Love2326 Posted August 18, 2013 Posted August 18, 2013 Tricia, Wow this sounds a lot like what is happening to me. My first relationship after my divorce, met a guy who threw himself at me, I fell into it, I felt like a sex buddy too. I complained and we did take 2 steps forward and 10 steps back. It was frustrating. This past week he deleted all pictures of me from his FB and now he dropped off the earth. I won't text him or call him because the ball is in his court. This must be a guy thing. I can only assume that this means he needs space, probably the same thing for your guy. Give it to him. You cannot force what isn't there. Leave him alone, give him his space. Its hard to go from an intense relationship to nothing at all (NC) but that's what has to happen if he will ever realize what you're worth. I am going through the same thing and I struggle with it on a daily basis because I miss him, but I know that he needs his space. Actually, I need space too because I need to reevaluate what went wrong. Use this time to think about things, figure out what is it about him that you like, that you don't like, etc. Leave it up to fate to determine if you two are meant to be together. Personally, I am realizing that I need someone who can put me in first place. With the guy I was with, I was second... or third. To his daughter and her mother. I dont have a problem with his daughter (she's actually really cute), but I think at this point in my life, I really need to be first priority to someone. He simply couldn't make me first priority. Think about things and let him go. If you want to get him back, that's seriously the best thing to do. Pushing him by calling/texting, will only drive him away.

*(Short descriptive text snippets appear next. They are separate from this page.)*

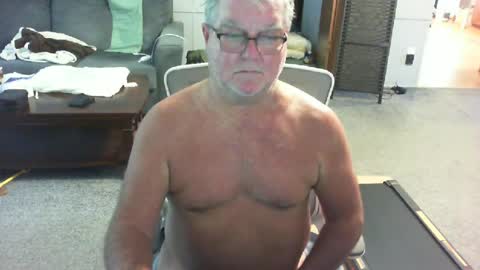 yourpoppi55 online show from July 10, 2026, 6:54 pm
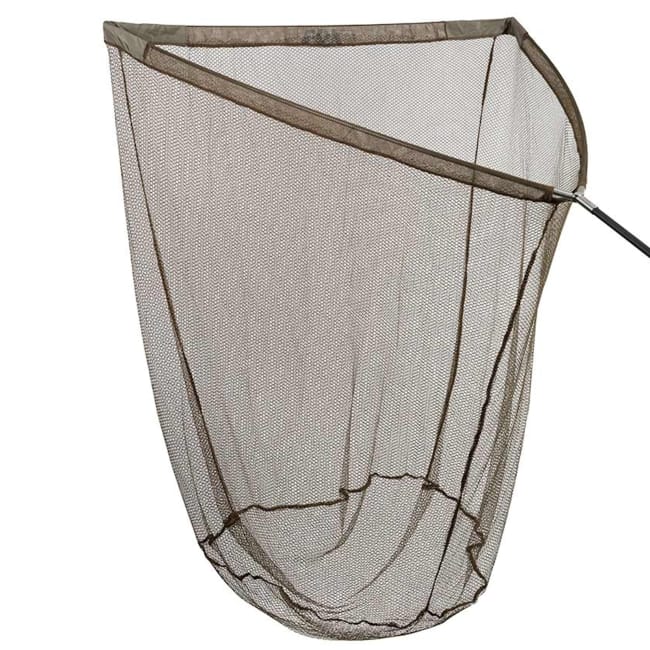 Fox Horizon X3-S Landing Net 42" - 8ft Handle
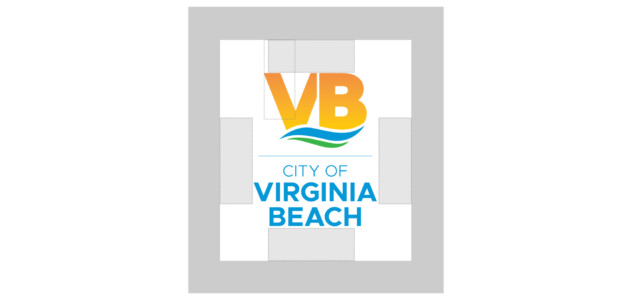 VB Logo Use Padding 1920x1080 2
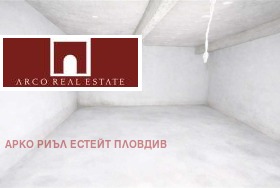 ������� ����� | Imot.bg � ����� ������ 2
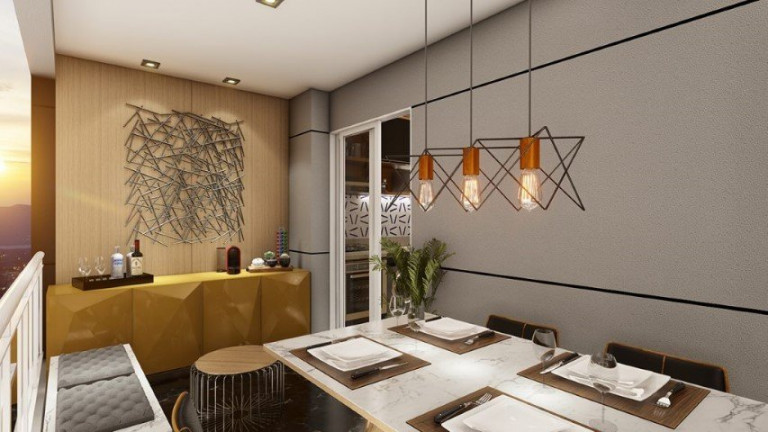 Imagem Apartamento com 2 Quartos à Venda, 31 m² em Lapa - São Paulo Imagem Apartamento com 2 Quartos à Venda, 31 m² em Lapa - São Paulo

all_cats_rgray Posted August 18, 2013 Posted August 18, 2013 Sounds like your settling for the breadcrumbs of a broken man. I'v done the same so don't beat yourself up. If you demand more from this relationship he will run. And guess what he did. You made it easy for him, he could have easy sex with out the commitment and emotional investment of working on a relationship. BTW you have the right and demand of expecting more. He wasn't even there to begin with. You wonder why it was so easy for him to disappear, because he wasn't even there. I know this sounds all harsh and all. Its happened to me to everyone. People pulling the wool over your eyes. You say "With the guy I was with, I was second... or third. To his daughter and her mother." YOU DESERVE someone that will not **** off like a fart in the wind. btw, what a dick. He sounds like he's rebounding. <3 you will do BETTER. Someone that treats you amazing, and loves you. I believe this.

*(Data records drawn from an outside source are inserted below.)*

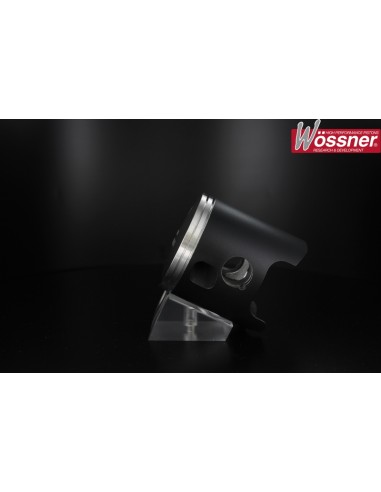 WÖSSNER Forged Piston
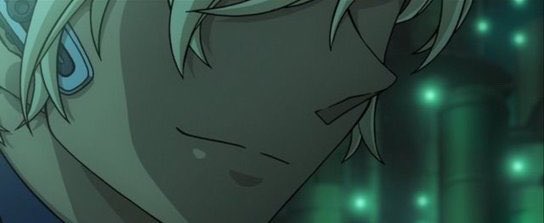 Amuro Tooru 「安室 透」 tweet media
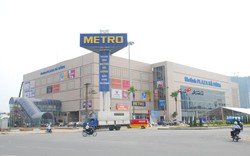 Khuyến mãi lớn nhân dịp khai trương Melinh PLAZA Hà Đông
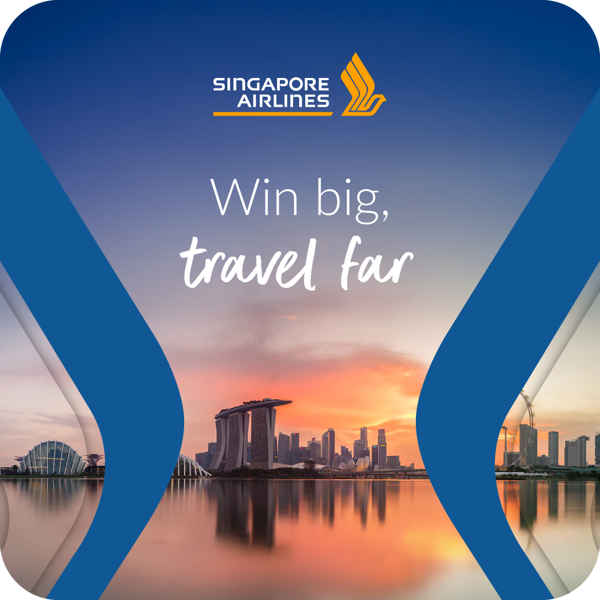 Umbraco.Cms.Web.Common.PublishedModels.Incentive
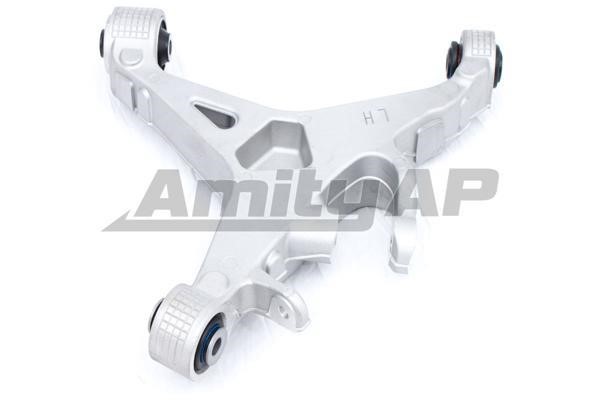 Amity AP 28-SA-1005 Track Control Arm 28SA1005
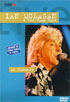 Ian McLagan: In Concert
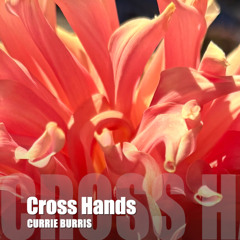Cross Hands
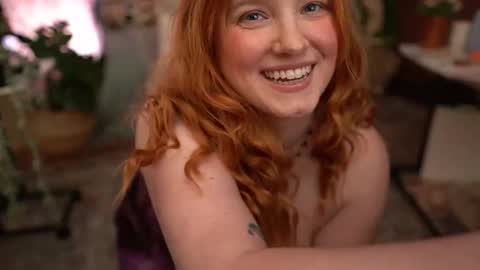 Here most days 3 online show from February 14, 6:16 am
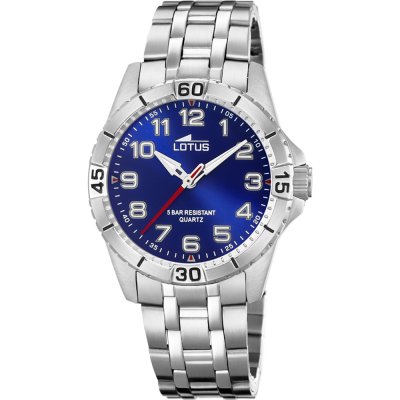Lotus Young Collection 18662/2 Uhr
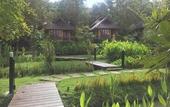 Туры в отель PuraVida Pai Resort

Author Tricia13 Posted August 18, 2013 Author Posted August 18, 2013 Thank you both so much for your replies. It wasn't really what I wanted to hear, but I believe it is the truth. I demanded more so he used it as a get out card. Love2326 - It is spooky how our situations are so similar, you were speaking my mind when you said you felt second or third to the child and the mother. I felt the same. I know he was trying, but in reality I will always be third best no matter what happens, and I guess I can't live with him not really caring as much as I do. I agree with you both. I will give him space and let it go. If I never hear from him again, I guess it wasn't really meant to be.
Love2326 Posted August 18, 2013 Posted August 18, 2013 Tricia, Yes our situations sound very similar. You MUST give him his space. He needs the time to realize what you are worth. And you need the time to think about whether he is a good match for you. Trust me, it's the hardest thing to do, but it will be worth it in the long run. Here are a few phrases I try to live by, which may help you: -You'll know when a relationship is right for you. It will enhance your life, not complicate your life. -If it causes you more pain than happiness, LET GO. -Don't be afraid to start over. It's a new chance to rebuild what you want. -Hey, remember that person you thought you couldn't live without? Well, look at you, living and sh*t! -Find a heart that will love you at your worst and arms that will hold you at your weakest.